Der höchstrangige Offizier der US-Streitkräfte, Generalstabschef Mark Milley, spricht öffentlich erneut von einem „multipolaren internationalen Umfeld“, wobei sowohl die USA als auch China und Russland die wichtigsten Mächte der Welt seien. Wegen Peking und Moskau könnte Washington mit zunehmenden Herausforderungen im Sicherheitsbereich konfrontiert werden.

Von Alexander Männer

Der einflussreiche und medienwirksame US-Generalstabschef Mark Milley hat kürzlich ein weiteres Mal seine umfassende Einschätzung über die internationale Lage mit der Öffentlichkeit geteilt und dabei auch die sich verändernde Weltordnung thematisiert. In Washington erklärte er vor US-Militärstudenten am vergangenen Donnerstag unter anderem, dass sie mit einem „multipolaren internationalen Umfeld“ konfrontiert sein würden, das weitere Herausforderungen mit sich bringen werde.

In seiner Rede an der US-amerikanischen National Defense University (zu dt: Nationale Verteidigungsuniversität, Zentrum für militärische Bildung der USA in Washington, D.C) konstatierte Milley, der im September von seinem Posten im US-Militär abtritt, dass die Welt heute nicht mehr unipolar sei, sondern multipolar, und dass es gegenwärtig drei Großmächte auf der internationalen Bühne gebe – die Vereinigten Staaten, China und Russland. „Die geopolitische Situation ändert sich auf eine sehr grundlegende Weise. Es wird immer deutlicher, dass wir uns wirklich in einem multipolaren internationalen Umfeld mit mindestens drei Großmächten befinden: den Vereinigten Staaten, China und Russland; und drei sind komplizierter als zwei und sicherlich viel komplizierter als eine“, sagte Milley.

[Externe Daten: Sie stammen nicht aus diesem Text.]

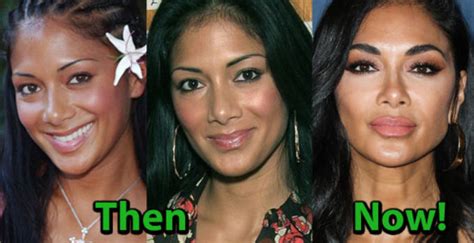 Nicole Scherzinger Plastic Surgery: Nose, Lips, Boobs ...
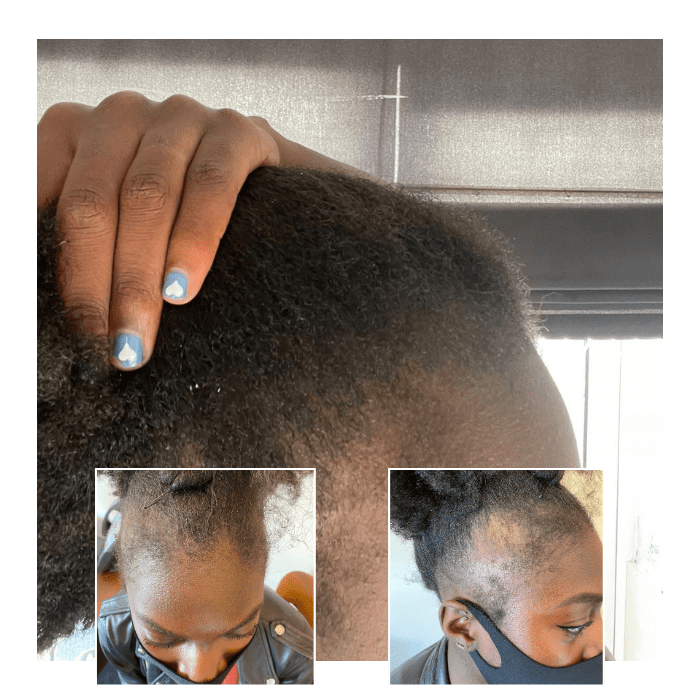 laser therapy for hair loss - woman afro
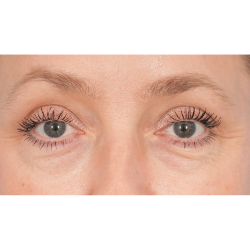 Lower Blepharoplasty Before & After Patient #2939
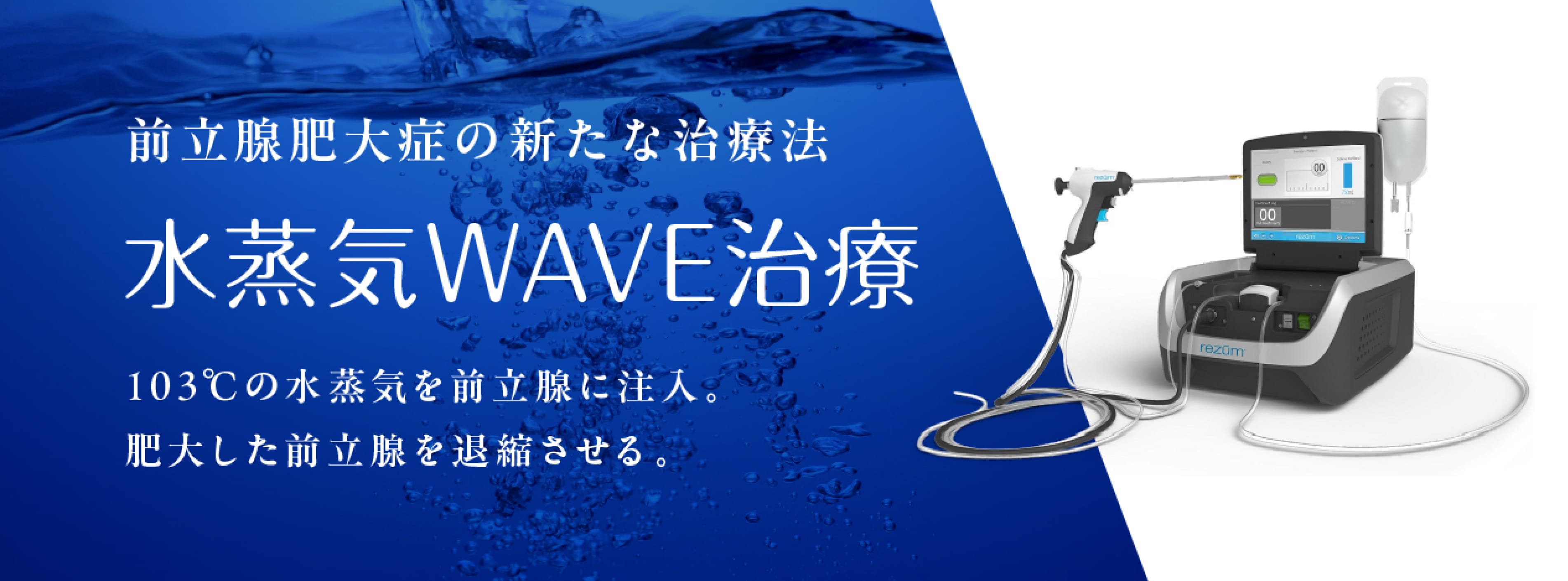 水蒸気WAVE治療のバナー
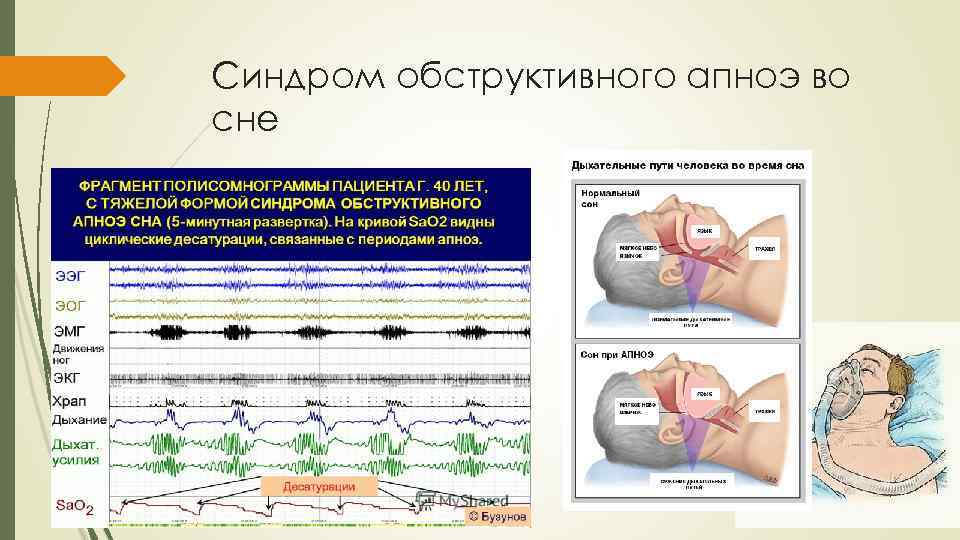 Синдром ночного апноэ презентация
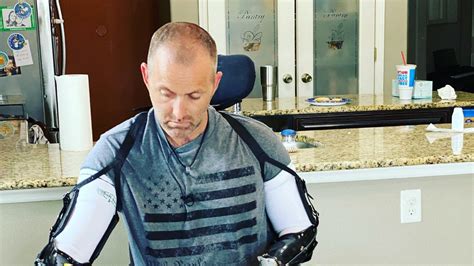Florida Man Lost His Arms And Legs But Refuses To Quit Running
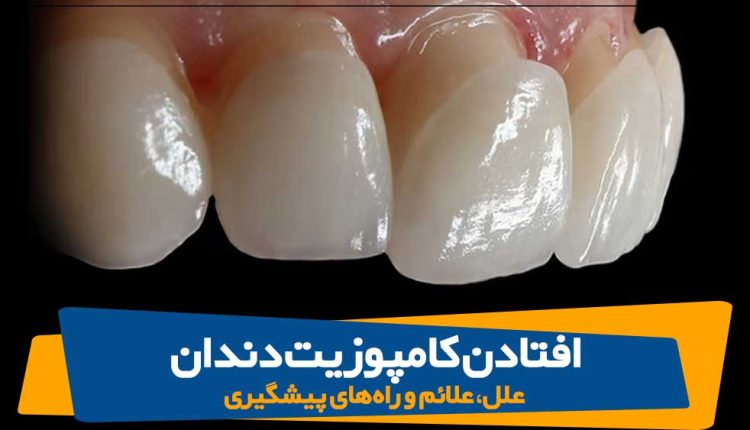 علل افتادن کامپوزیت دندان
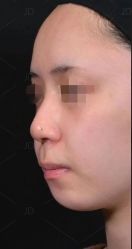 -素美医疗美容·西南眼鼻整形·修复基地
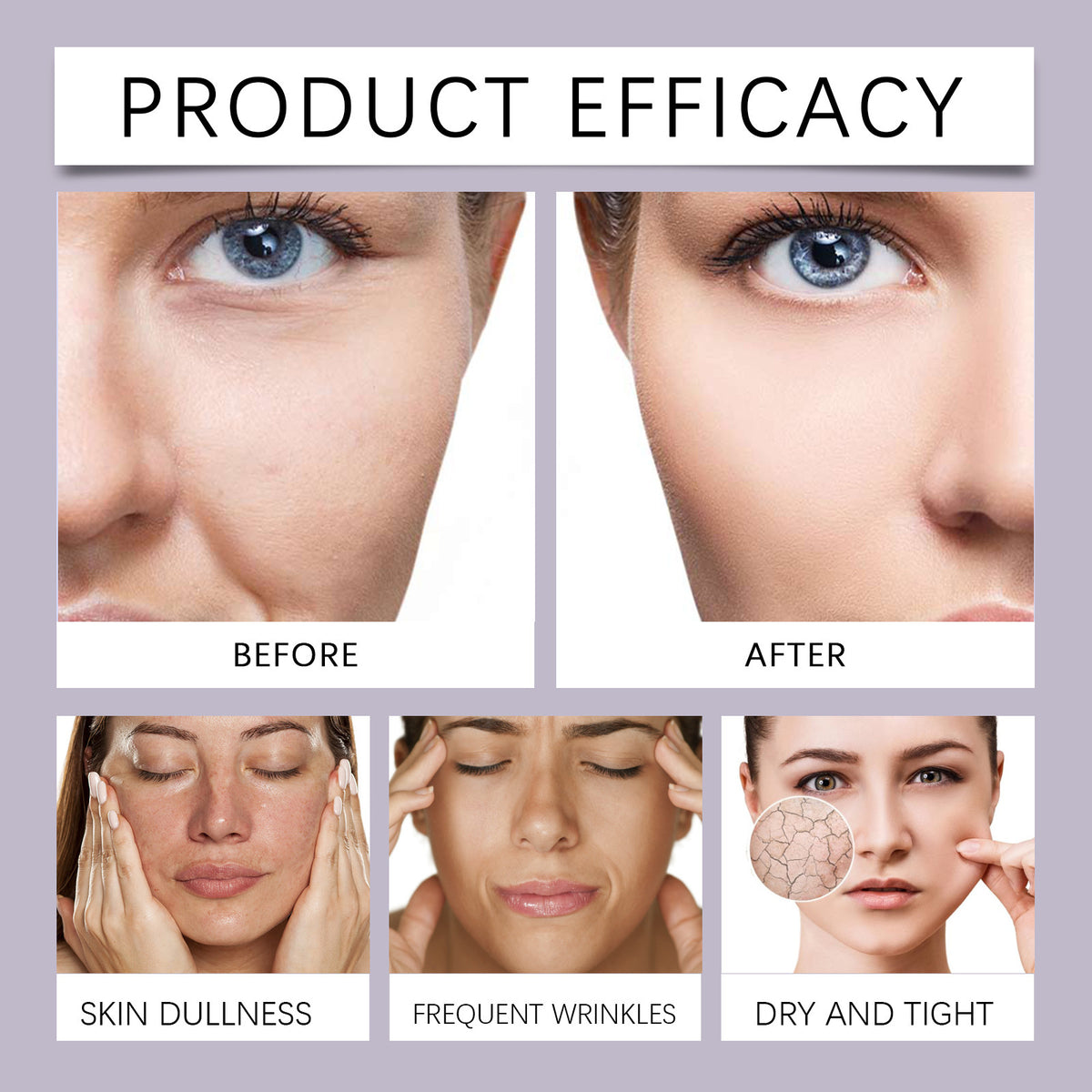 Crema Facial Hidratante Profunda para Suavizar las Líneas de Expresión e Iluminar el Cutis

Wobei Peking und Moskau seiner Ansicht nach in den kommenden Jahrzehnten zahlreiche Herausforderungen für die USA im Sicherheitsbereich darstellen würden. Während China nämlich beabsichtige, so Milley, in diesem Jahrzehnt seine Hegemonie im Westpazifik und in Asien zu etablieren und bis Mitte des Jahrhunderts das militärische Potenzial der USA zu übertreffen, werde Russland hingegen wahrscheinlich noch viele Jahre eine „Bedrohung für den Frieden in Europa bleiben“.

Wie eingangs erwähnt, thematisiert Milley nicht zum ersten Mal öffentlich die These, dass die globale Ordnung nicht mehr ausschließlich von den USA bestimmt werde. So hat er sich vor wenigen Wochen zur heutigen Entwicklung in der globalen Politik in einem Interview mit dem US-Magazin „Foreign Affairs“ geäußert, das als Podcast ausgestrahlt wurde. Laut diesem Podcast sagte er, dass das Kräfteverhältnis zwischen den besagten „drei Großmächten“ sowie die Beziehungen zwischen China und Russland heute aus Sicht der USA einen zentralen Aspekt darstellt. Obwohl Milley das derzeitige Niveau der chinesisch-russischen Beziehungen – vor allem im militärischen Bereich – als „sehr bescheiden“ bezeichnete, machte er dennoch deutlich, dass Washington alles tun sollte, um sicherzustellen, dass Peking und Moskau keine strategische Militärallianz bilden. Auch wenn sie sich der militärischen Macht der USA bewusst seien und keine direkte Konfrontation mit Washington wünschen, wie er meint.

Diesbezüglich hatte Milley übrigens schon 2021 erklärt, dass sich in naher Zukunft eine tripolare Weltordnung etablieren könnte. In einem Interview mit dem Sender NBC hatte er prognostiziert: „Die Vereinigten Staaten, Russland und China sind Großmächte. Meiner Meinung nach treten wir in eine tripolare Welt ein, die aus strategischer Sicht potenziell instabiler sein wird als das, was wir in den vergangenen 40, 50, 60 oder 70 Jahren erlebt haben.“

Dass er diese Einschätzung nun schon zum zweiten mal öffentlich bekräftigt, ist bemerkenswert und verdeutlicht zudem, dass die US-Führung bestimmte Entwicklungen sehr ernst nimmt. Und zwar, dass China seinen Aufstieg zum führenden Akteur der Weltpolitik trotz der Corona-Pandemie fortsetzt und dass Russland angesichts der Spannungen mit dem kollektiven Westen unerwartet erfolgreich auftritt. Zudem ist nicht von der Hand zu weisen, dass die Kooperation und das Engagement dieser beiden Länder auf der internationalen Ebene sowie im sicherheitspolitischen Bereich die Position des Westens respektive der USA global inzwischen erheblich geschwächt haben.